And when Michael and Rosemaree haven’t got their hands full dealing with Johnny’s distress, they have to cope with seven-year-old Chloe, who suffers from autism as well as epilepsy.

Both kids have been in need of special care since they were two.

Three weeks ago the two stressed-out parents steeled themselves and made the move from Wynnum to Little Mountain so their children could attend the well-resourced Currimundi Special School.

And while they are over the moon with the new learning environment, they say life at home is a living hell due to lack of support from state government agencies.

Johnny’s face is badly damaged from constant falls on the bare concrete floors of their department of housing home, which now has some matting – thanks to the Society of St Vincent de Paul.

But the deepest cuts have been inflicted emotionally by the latest rejection by Disability Services Queensland of special support funding for their children.

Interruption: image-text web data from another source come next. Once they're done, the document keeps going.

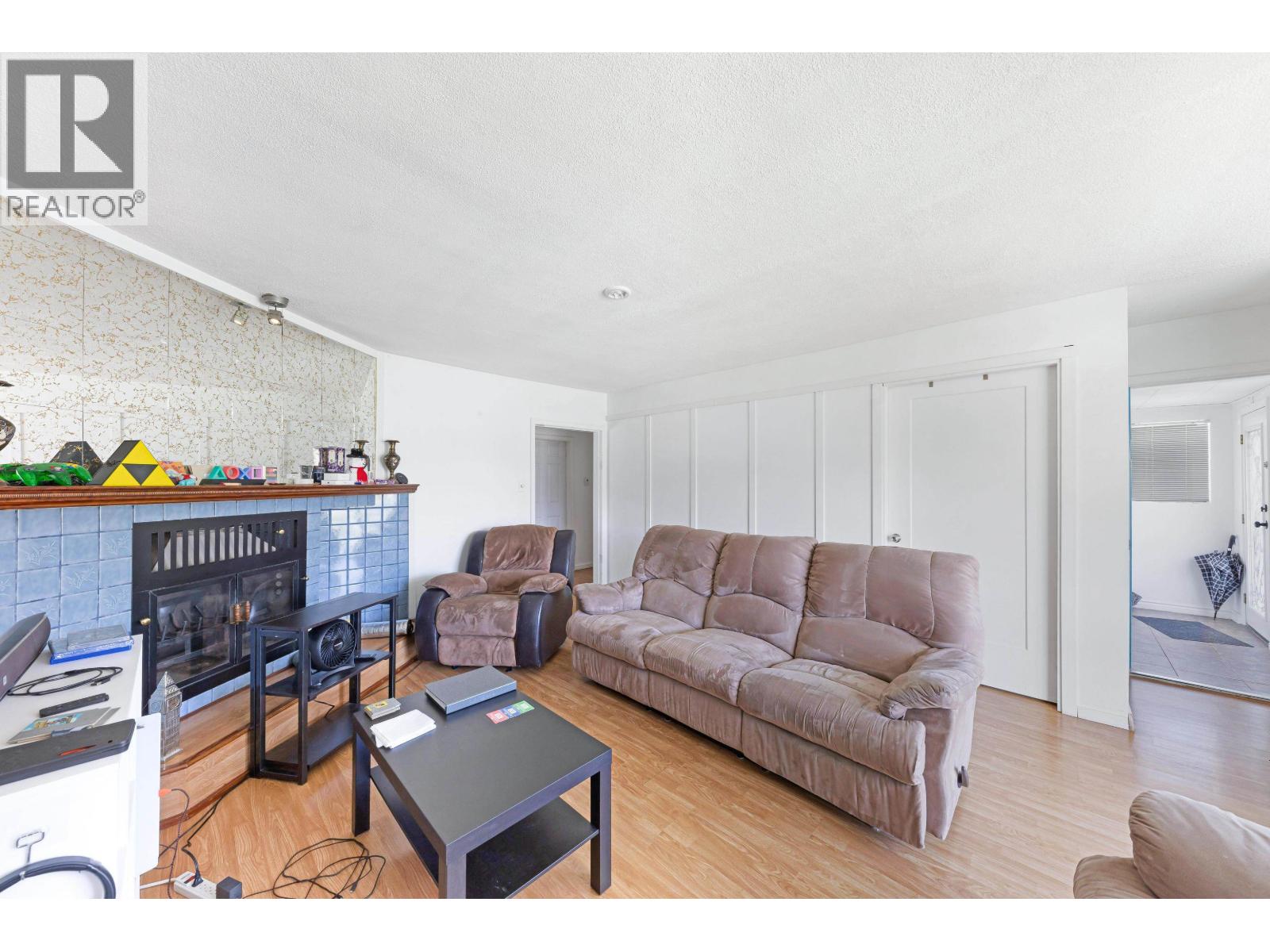 6777 Kerr Street, Vancouver, British Columbia  V5S 3C7 - Photo 5 - R3045895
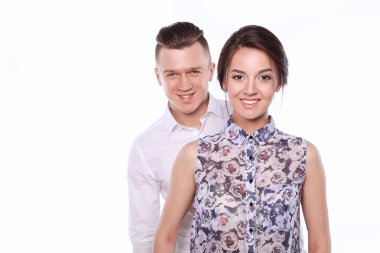 mutlu genç çift ayakta birlikte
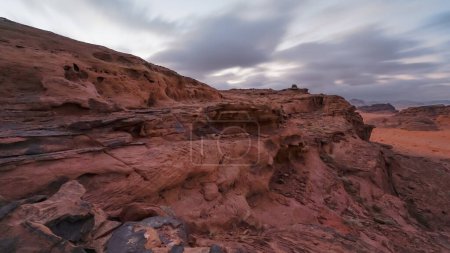 Téléchargez les photos : Paysage rocheux dans le désert de Wadi Rum pendant la matinée nuageuse - en image libre de droit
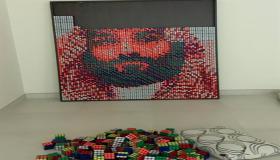 شاب سعودي يبدع في رسم صورة لولي العهد السعودي بمكعبات” الروبيك”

Michael is struggling to comprehend their fourth rejection for funding that could help meet their children’s special needs and provide urgent parental respite.

The strain was evident in Michael’s voice as he told how their life was threatening to unravel.
“They are putting us through hell,” said the invalid carer, who gets $100 a fortnight on top of his normal pension. “We weren’t going to put in for the latest application for funding, not after the last three rejections, but DSQ said this time they would look after us and things would be right.

“They seem to set us up and then keep knocking us down – we haven’t had respite in three months and we badly need it.

“Johnny needs a $40,000 special wheelchair to go to school because of his seizures, and that money would help towards that.”

Michael said they had been hoping for funding of $15,000 to $20,000 to help provide for the children’s special needs, and were not told why their application had again failed.

They have been unable to talk to the DSQ about arranging a funding appeal, which must be lodged in 10 days, and fear they are being fobbed off.

“It’s bad enough having the stress of looking after Johnny, and then you have to deal with Chloe, without having all this extra worry,” Michael said.

While Michael appreciated the housing authority moving them into a home in Caloundra in a relatively short space of time, promises to provide additional fittings had not been met.

“They said they would look after us and even provide shatter-proof glass and specially rounded edges,” he said.

A DSQ spokesman could not be contacted yesterday.